§ **EXERCISE DIRECTIONS**
Repeat every entry exactly. Leave nothing out.

§ **MATERIAL SUPPLIED**
+---+
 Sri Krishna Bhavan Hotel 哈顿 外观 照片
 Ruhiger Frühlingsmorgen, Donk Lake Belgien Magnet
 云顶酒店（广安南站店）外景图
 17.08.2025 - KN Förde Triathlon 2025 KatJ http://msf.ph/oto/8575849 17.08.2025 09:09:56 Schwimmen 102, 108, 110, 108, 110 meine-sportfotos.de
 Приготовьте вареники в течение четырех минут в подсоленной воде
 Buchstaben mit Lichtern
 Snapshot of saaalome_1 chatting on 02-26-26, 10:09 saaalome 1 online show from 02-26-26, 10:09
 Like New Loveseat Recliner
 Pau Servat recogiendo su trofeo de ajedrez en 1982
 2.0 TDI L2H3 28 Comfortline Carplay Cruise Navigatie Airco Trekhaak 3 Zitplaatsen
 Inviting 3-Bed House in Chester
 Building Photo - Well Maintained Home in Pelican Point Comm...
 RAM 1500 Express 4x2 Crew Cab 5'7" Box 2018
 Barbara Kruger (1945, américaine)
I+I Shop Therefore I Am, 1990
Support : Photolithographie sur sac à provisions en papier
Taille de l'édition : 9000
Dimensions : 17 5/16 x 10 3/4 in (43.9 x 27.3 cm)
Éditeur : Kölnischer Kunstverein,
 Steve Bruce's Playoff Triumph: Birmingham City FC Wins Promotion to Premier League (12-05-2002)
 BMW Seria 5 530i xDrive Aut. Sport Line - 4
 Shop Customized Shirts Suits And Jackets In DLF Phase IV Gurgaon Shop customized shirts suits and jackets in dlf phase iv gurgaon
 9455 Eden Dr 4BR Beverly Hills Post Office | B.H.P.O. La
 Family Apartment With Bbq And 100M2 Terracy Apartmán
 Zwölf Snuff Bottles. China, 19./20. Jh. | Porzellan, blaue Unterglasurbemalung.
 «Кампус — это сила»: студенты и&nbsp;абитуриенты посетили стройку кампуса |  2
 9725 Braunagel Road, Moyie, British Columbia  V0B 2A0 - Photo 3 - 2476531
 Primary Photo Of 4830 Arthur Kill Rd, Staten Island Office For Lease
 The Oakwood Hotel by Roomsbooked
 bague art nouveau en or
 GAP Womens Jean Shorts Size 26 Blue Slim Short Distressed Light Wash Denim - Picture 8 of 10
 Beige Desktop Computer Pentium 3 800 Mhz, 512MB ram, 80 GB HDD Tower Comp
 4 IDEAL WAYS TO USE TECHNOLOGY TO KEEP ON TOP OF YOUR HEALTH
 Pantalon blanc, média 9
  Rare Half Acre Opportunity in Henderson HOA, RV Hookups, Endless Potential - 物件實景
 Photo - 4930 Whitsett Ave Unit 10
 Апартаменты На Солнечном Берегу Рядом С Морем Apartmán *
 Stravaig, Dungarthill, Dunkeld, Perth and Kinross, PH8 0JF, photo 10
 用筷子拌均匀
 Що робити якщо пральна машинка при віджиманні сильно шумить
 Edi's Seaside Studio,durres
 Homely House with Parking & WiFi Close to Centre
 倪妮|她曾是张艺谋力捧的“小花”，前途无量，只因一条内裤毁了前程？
+---+
§ **ANSWER BOX**
 Sri Krishna Bhavan Hotel 哈顿 外观 照片
 Ruhiger Frühlingsmorgen, Donk Lake Belgien Magnet
 云顶酒店（广安南站店）外景图
 17.08.2025 - KN Förde Triathlon 2025 KatJ http://msf.ph/oto/8575849 17.08.2025 09:09:56 Schwimmen 102, 108, 110, 108, 110 meine-sportfotos.de
 Приготовьте вареники в течение четырех минут в подсоленной воде
 Buchstaben mit Lichtern
 Snapshot of saaalome_1 chatting on 02-26-26, 10:09 saaalome 1 online show from 02-26-26, 10:09
 Like New Loveseat Recliner
 Pau Servat recogiendo su trofeo de ajedrez en 1982
 2.0 TDI L2H3 28 Comfortline Carplay Cruise Navigatie Airco Trekhaak 3 Zitplaatsen
 Inviting 3-Bed House in Chester
 Building Photo - Well Maintained Home in Pelican Point Comm...
 RAM 1500 Express 4x2 Crew Cab 5'7" Box 2018
 Barbara Kruger (1945, américaine)
I+I Shop Therefore I Am, 1990
Support : Photolithographie sur sac à provisions en papier
Taille de l'édition : 9000
Dimensions : 17 5/16 x 10 3/4 in (43.9 x 27.3 cm)
Éditeur : Kölnischer Kunstverein,
 Steve Bruce's Playoff Triumph: Birmingham City FC Wins Promotion to Premier League (12-05-2002)
 BMW Seria 5 530i xDrive Aut. Sport Line - 4
 Shop Customized Shirts Suits And Jackets In DLF Phase IV Gurgaon Shop customized shirts suits and jackets in dlf phase iv gurgaon
 9455 Eden Dr 4BR Beverly Hills Post Office | B.H.P.O. La
 Family Apartment With Bbq And 100M2 Terracy Apartmán
 Zwölf Snuff Bottles. China, 19./20. Jh. | Porzellan, blaue Unterglasurbemalung.
 «Кампус — это сила»: студенты и&nbsp;абитуриенты посетили стройку кампуса |  2
 9725 Braunagel Road, Moyie, British Columbia  V0B 2A0 - Photo 3 - 2476531
 Primary Photo Of 4830 Arthur Kill Rd, Staten Island Office For Lease
 The Oakwood Hotel by Roomsbooked
 bague art nouveau en or
 GAP Womens Jean Shorts Size 26 Blue Slim Short Distressed Light Wash Denim - Picture 8 of 10
 Beige Desktop Computer Pentium 3 800 Mhz, 512MB ram, 80 GB HDD Tower Comp
 4 IDEAL WAYS TO USE TECHNOLOGY TO KEEP ON TOP OF YOUR HEALTH
 Pantalon blanc, média 9
  Rare Half Acre Opportunity in Henderson HOA, RV Hookups, Endless Potential - 物件實景
 Photo - 4930 Whitsett Ave Unit 10
 Апартаменты На Солнечном Берегу Рядом С Морем Apartmán *
 Stravaig, Dungarthill, Dunkeld, Perth and Kinross, PH8 0JF, photo 10
 用筷子拌均匀
 Що робити якщо пральна машинка при віджиманні сильно шумить
 Edi's Seaside Studio,durres
 Homely House with Parking & WiFi Close to Centre
 倪妮|她曾是张艺谋力捧的“小花”，前途无量，只因一条内裤毁了前程？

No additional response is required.